» WHAT IS REQUIRED:
Beginning with the line below that contains "Tavolo alto da bar fatto a mano" and ending with the line that contains "Retro deerskin fleece", copy every line exactly. Copy nothing else.

» EXTRACTED ENTRIES:
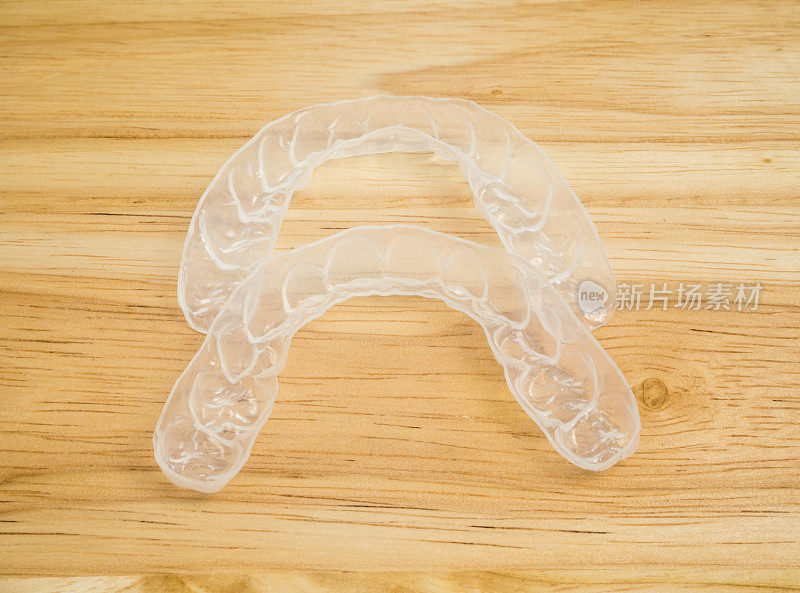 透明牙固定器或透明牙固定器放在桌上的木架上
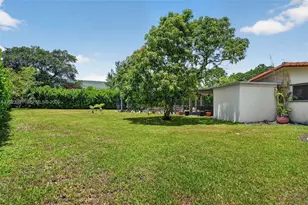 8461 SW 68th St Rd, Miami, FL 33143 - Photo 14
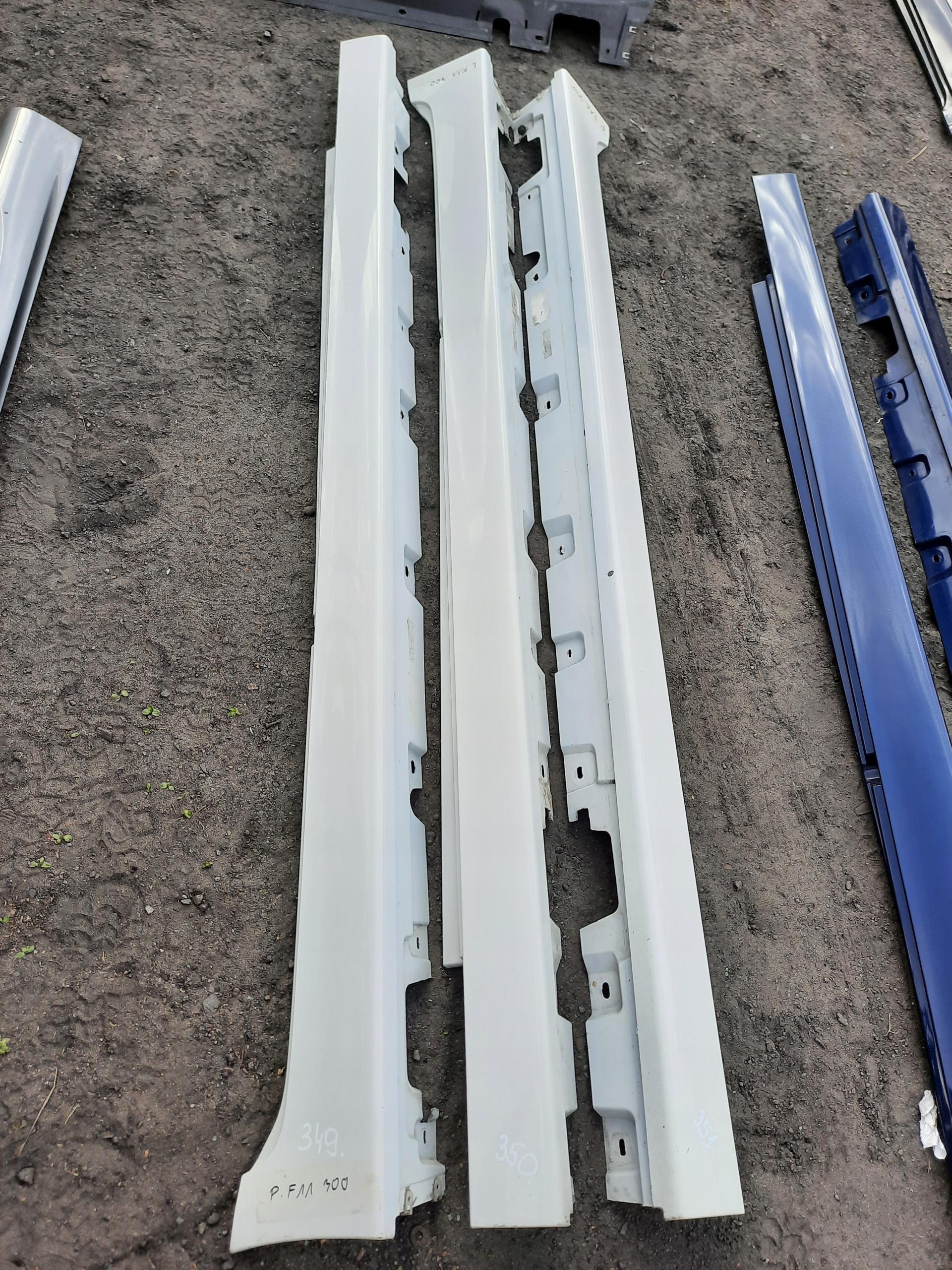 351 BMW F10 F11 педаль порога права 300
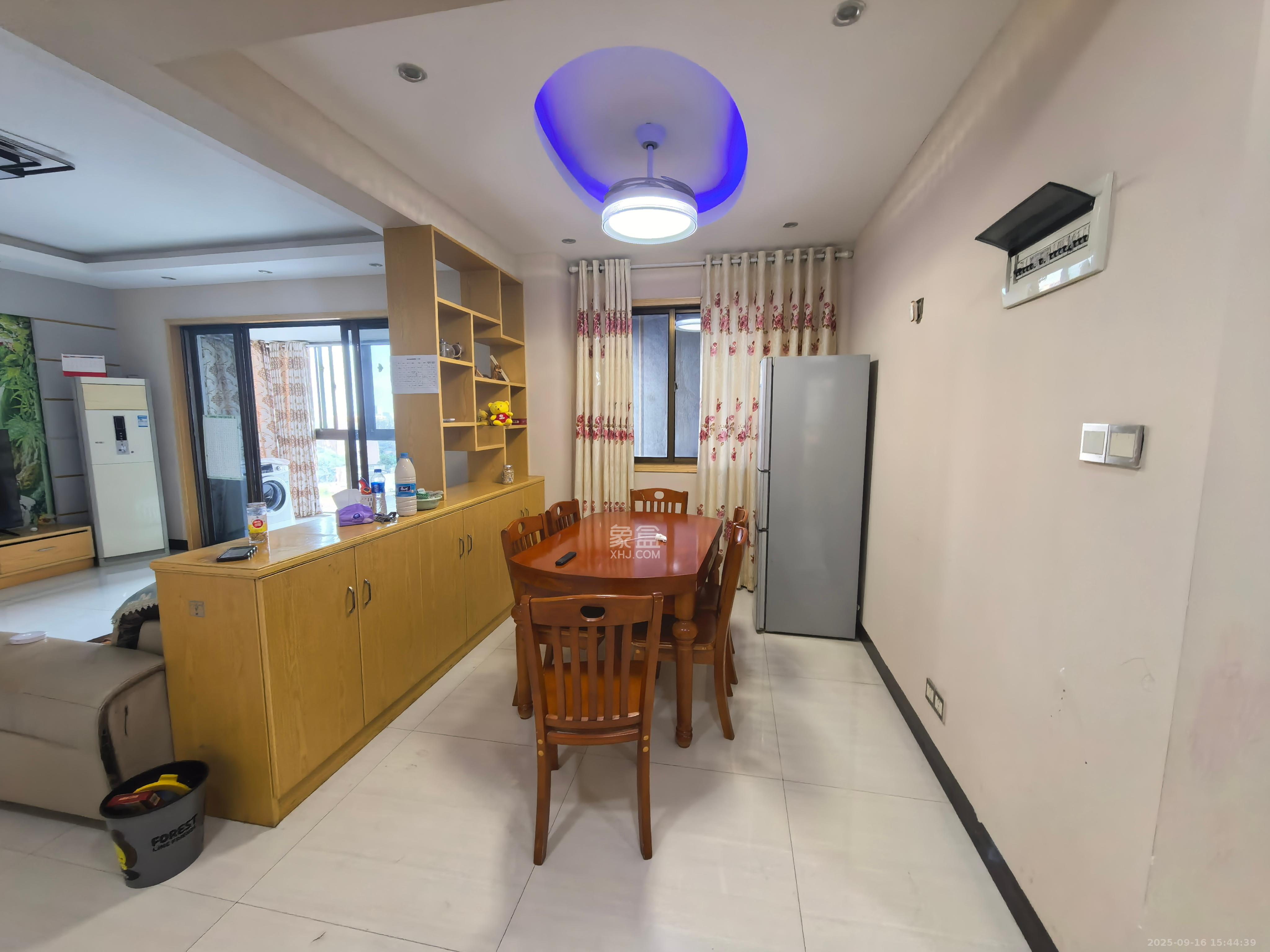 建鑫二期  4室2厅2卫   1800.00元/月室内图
...
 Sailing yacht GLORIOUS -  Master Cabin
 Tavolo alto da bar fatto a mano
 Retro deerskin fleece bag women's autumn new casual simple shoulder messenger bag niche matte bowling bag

» TASK ANSWER:
 Tavolo alto da bar fatto a mano
 Retro deerskin fleece bag women's autumn new casual simple shoulder messenger bag niche matte bowling bag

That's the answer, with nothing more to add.